Exploratory Data Analysis
The importance of exploratory data analysis to any type of data science project or task cannot be understated. Processing, preparing, and understanding the data that will be used for the more complex tasks, algorithms, and visualizations is the key to gaining successful insights. The three topics below explain the EDA performed for this project in more detail.
Topic 1: Interview Post and Comment Frequency Over Time
Business Goal: Determine the time periods throughout the year with the most submissions (posts) and comments on Reddit regarding technical/coding interviews. Do these windows fall during typical hiring windows? This line of analysis could explain spikes or troughs in job application volume in the big tech industry.
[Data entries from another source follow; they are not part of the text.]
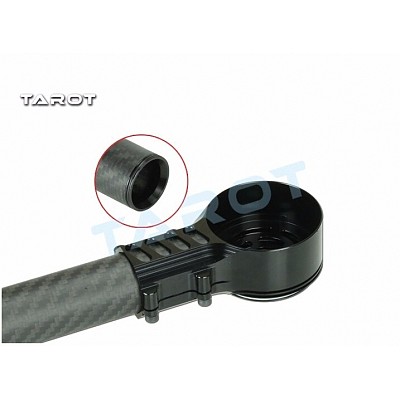 Tarot Motor Support Mount Motor Fixed Seat for Tarot 46 Waterproof Motor X Series Parts TL96037-02 TL96037-01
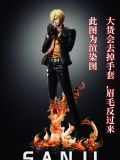  Sanji - One Piece - LX Studio 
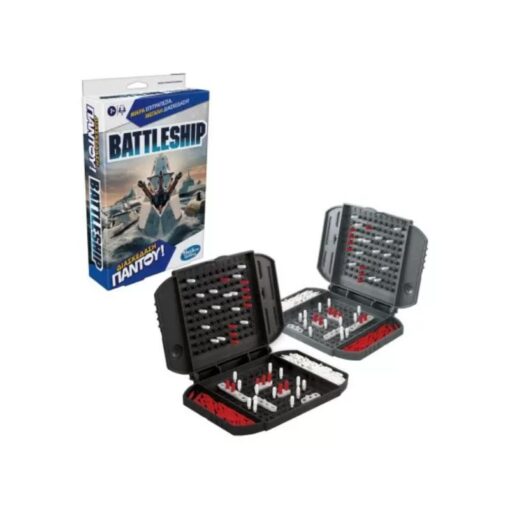 Battleship Grab and Go
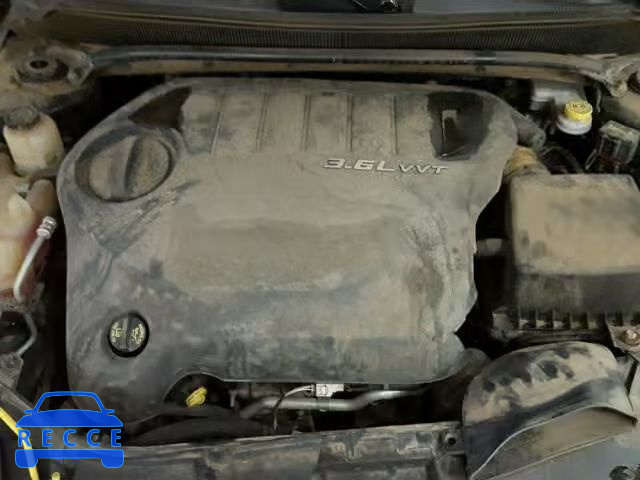 2013 DODGE AVENGER SE 1C3CDZAG9DN770454 image 6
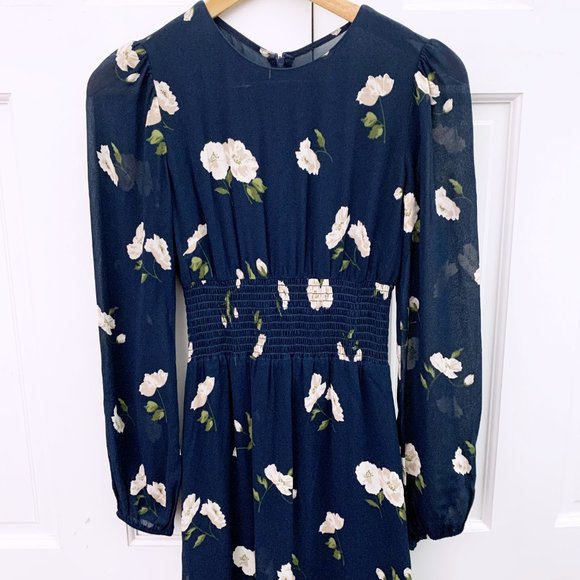 Reformation Virginia Dress - Picture 8 of 11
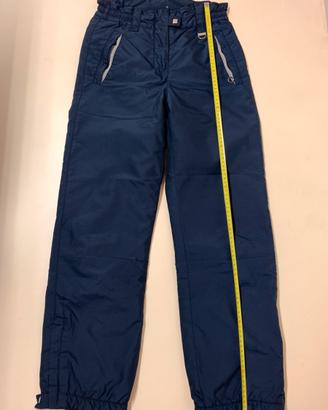 Pantaloni sci donna tg40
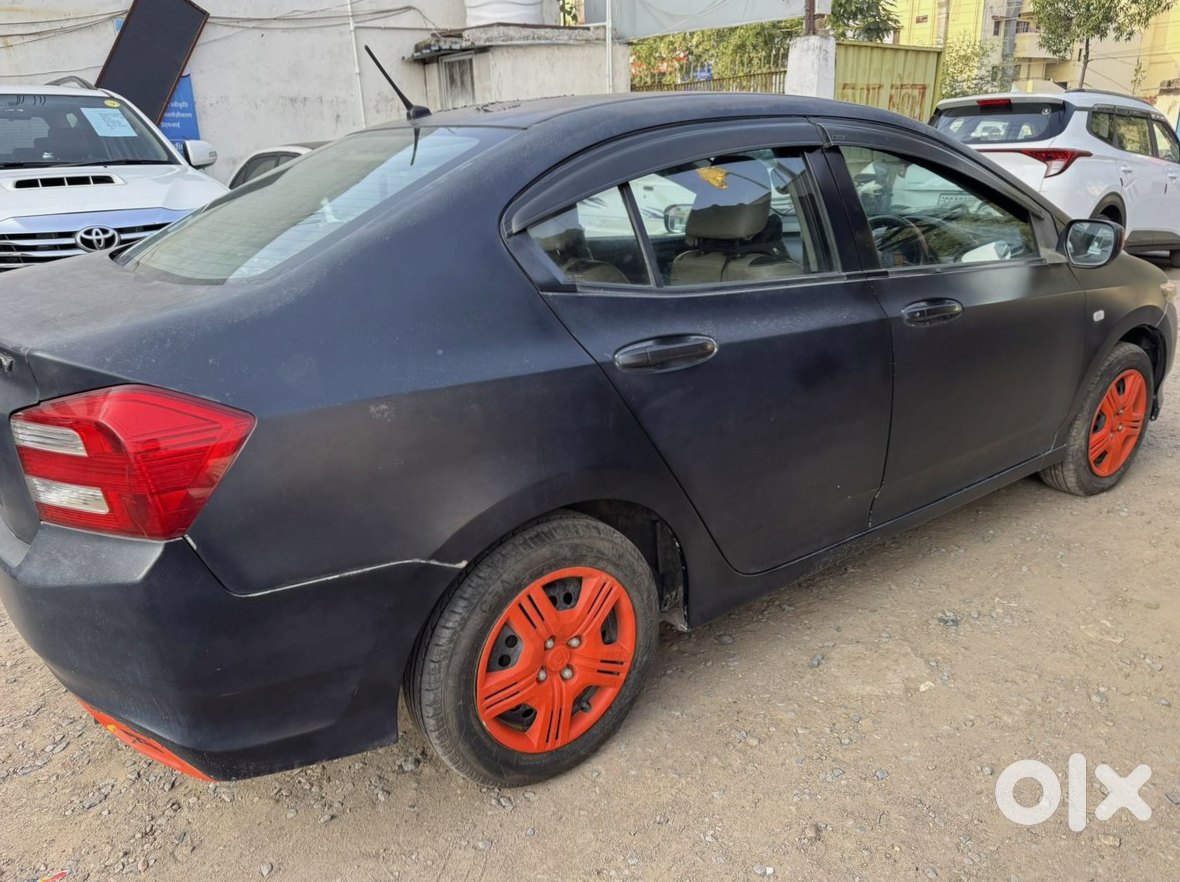 2015 Honda City | ₹447k | 74,900km | Petrol | Automatic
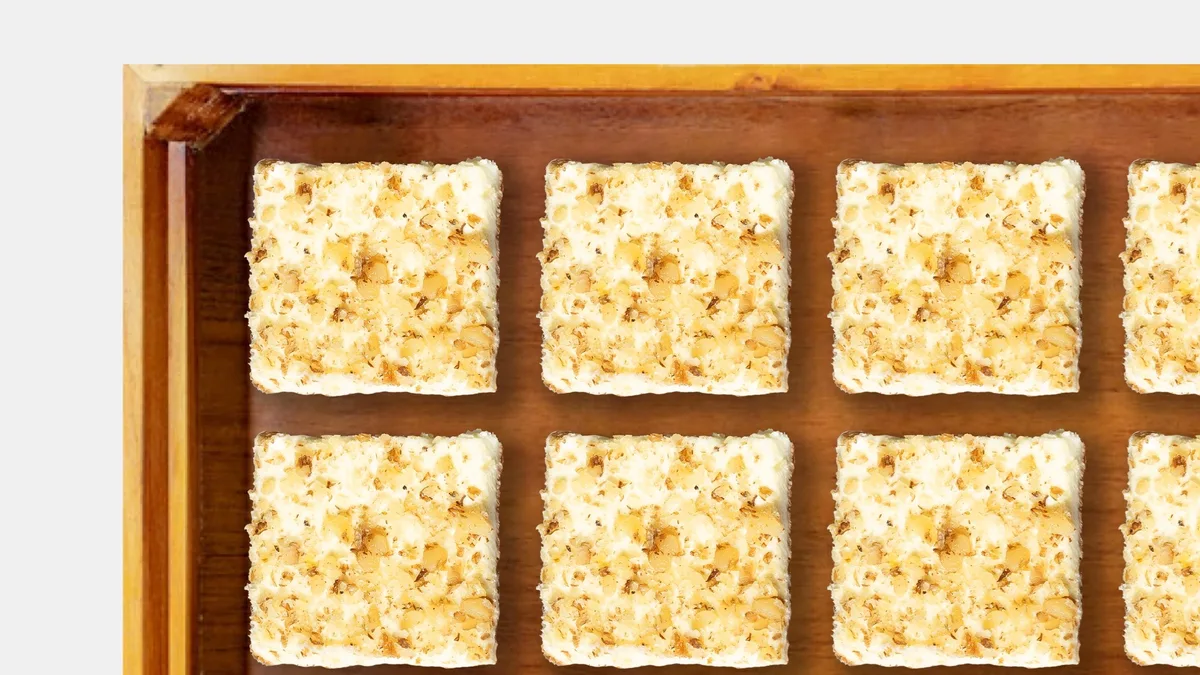 Dessert Plate – Carrot Cake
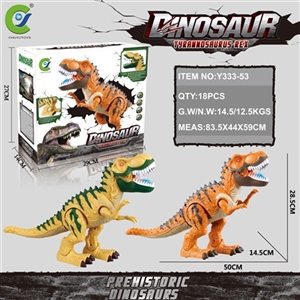 Tyrannosaurus rex - OBL753889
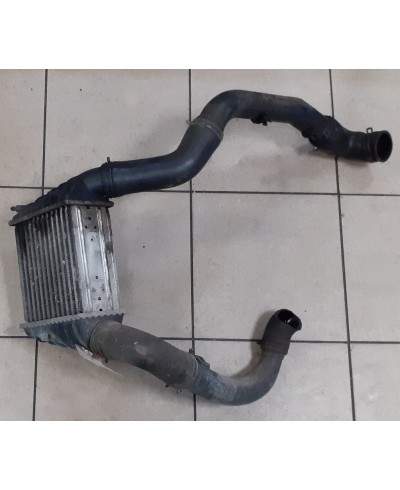 Skoda Fabia 1.9TDI 110KM Intercooler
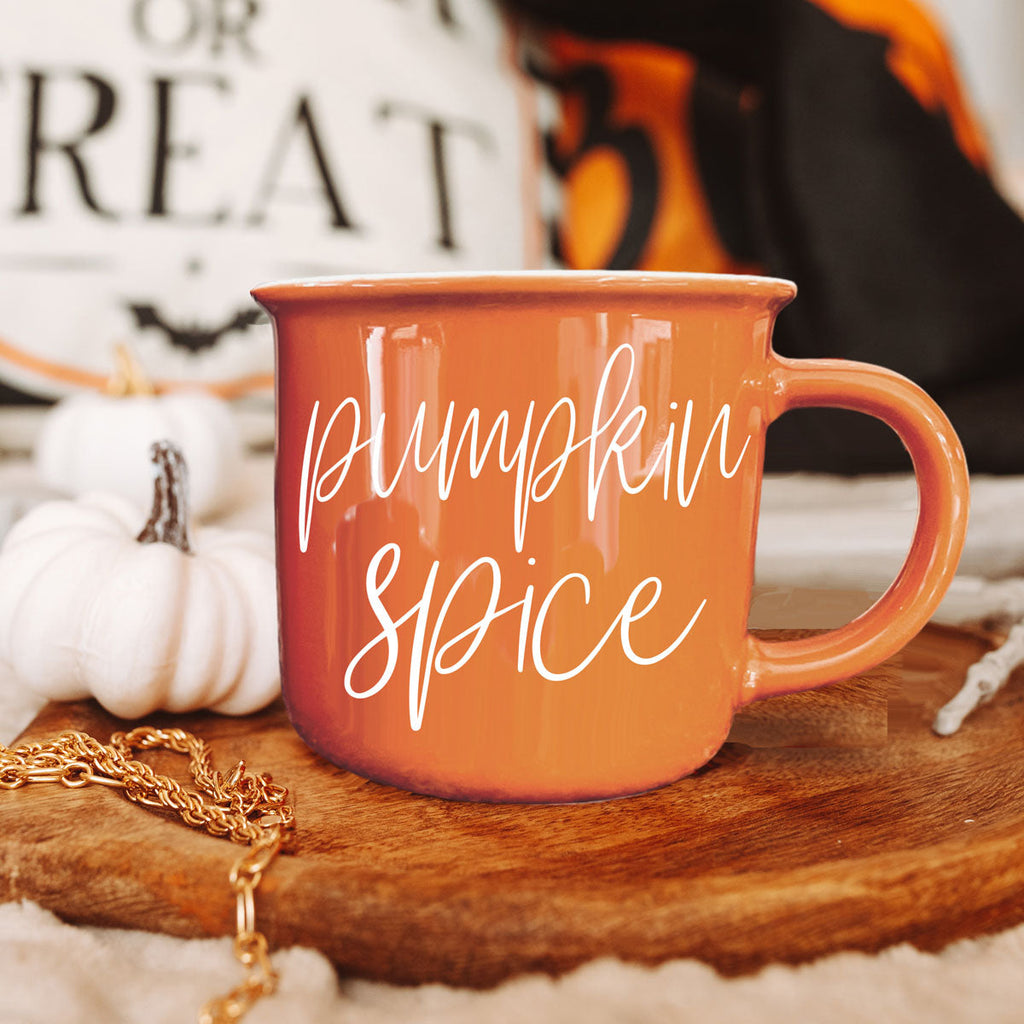 Pumpkin Spice Gia Roma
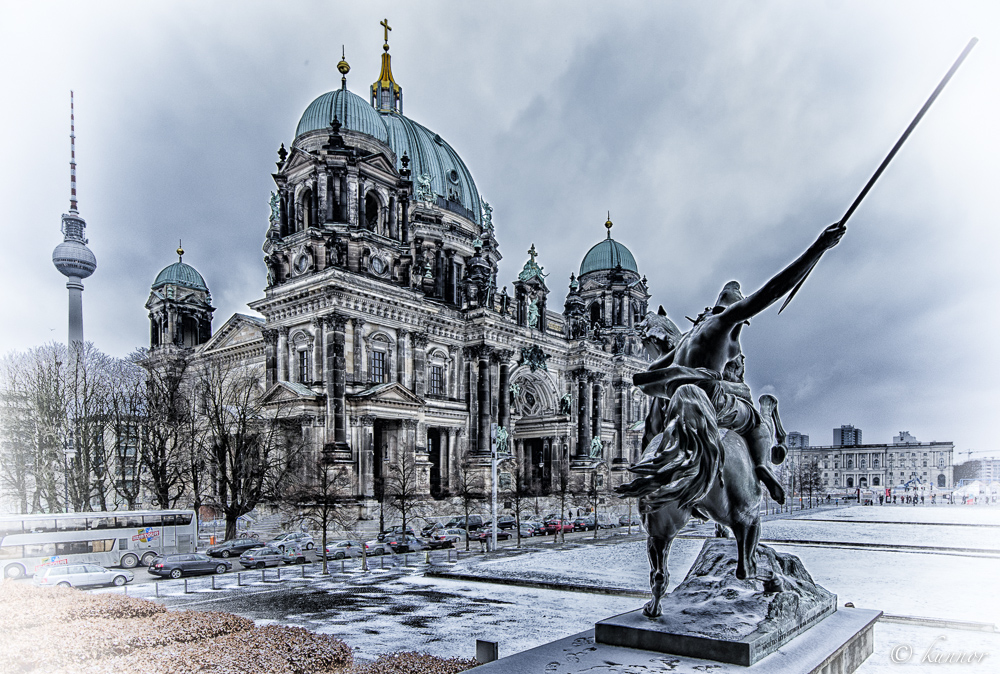 Berliner Dom #3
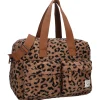 Luiertassen*Kidzroom luiertas Carry Allure Teddy Beigebrown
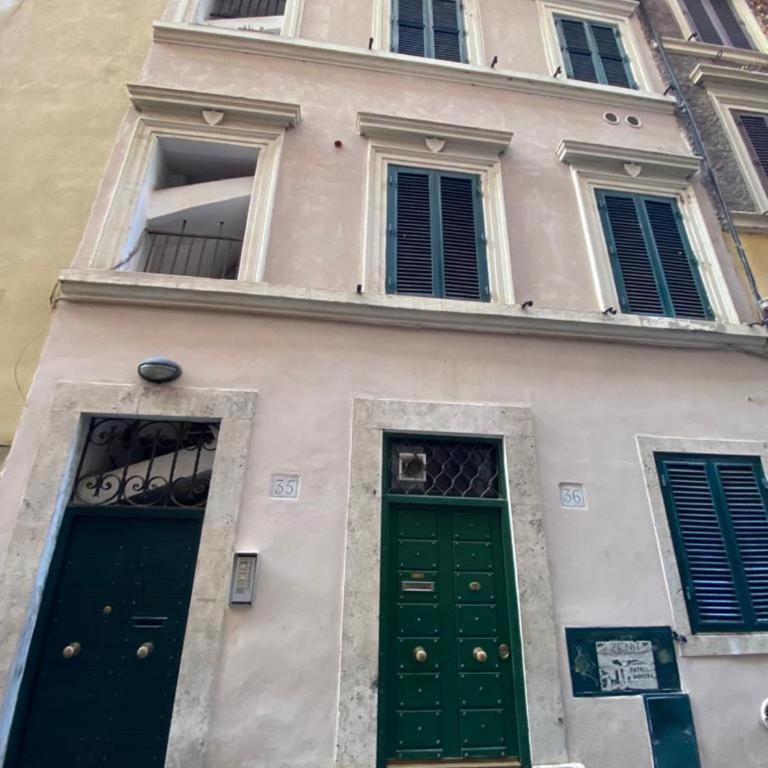 NAVONA SUITE VIOLA - Appartamento Deluxe - 11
Technical Proposal: Generate a clear and visually appealing graphic (line plot) that highlights the frequency of interview posts and comments during each month of the calendar year using available data for 2021-2023. Use counts to determine the month with the most interview discussion on Reddit. Conduct a brief analysis of the frequency data within the temporal aspect to identify any patterns or trends present in the data.
Topic 2: Popular Technical Interview Questions and Topics
Business Goal: Determine the most popular interview questions and/or topics to gauge the specific areas of interest regarding technical and coding-related interviews. Questions that are being discussed more frequently can help future applicants streamline how they study for interviews to focus on the topics with the most traction on Reddit. Highlighting content matter that’s seen most frequently can direct students in their studying.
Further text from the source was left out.